Thursday, December 10, 2015

African Art and Silicon Chips: A Life in Science and Art - Jay Last

African Art and Silicon Chips: A Life in Science and Art is Jay T. Last’s insightful and illuminating memoir of over four decades spent collecting African art. It is a must-read for collectors, dealers, scholars, students, and aficionados of the continent’s rich and varied artistic genres. Those who contributed to the growth of a market for African art will find themselves chronicled in the chapters of this book, which highlights major milestones and trends—decade-by-decade—beginning in the 1950s and continuing to the present. Last focuses his narrative on the men and women, who like himself, formed a lifelong passion for collecting the arts of Africa and who have given the enterprise its distinctive character and energy.

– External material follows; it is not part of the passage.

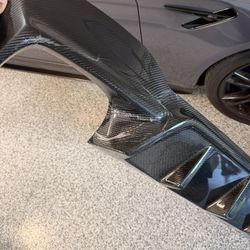 BMW F90 M5 Carbon fiber diffuser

He details his firsthand relationships with a veritable “who’s who” of dealers and collectors in the United States and Europe and describes how these personal connections led to the many purchases that shaped his own extraordinary and idiosyncratic collection. Beginning with the acquisition of a Kuba cup in 1961 from the Ladislas Segy Gallery in New York, Last’s adventure in collecting continued, with the 1960s and 1970s constituting the most fertile period. This highly readable text details stories of luck, serendipity, prescience, and tenacity in the focused search for objects that met Last’s clearly defined aesthetic preferences and addressed his fascination with the serial image.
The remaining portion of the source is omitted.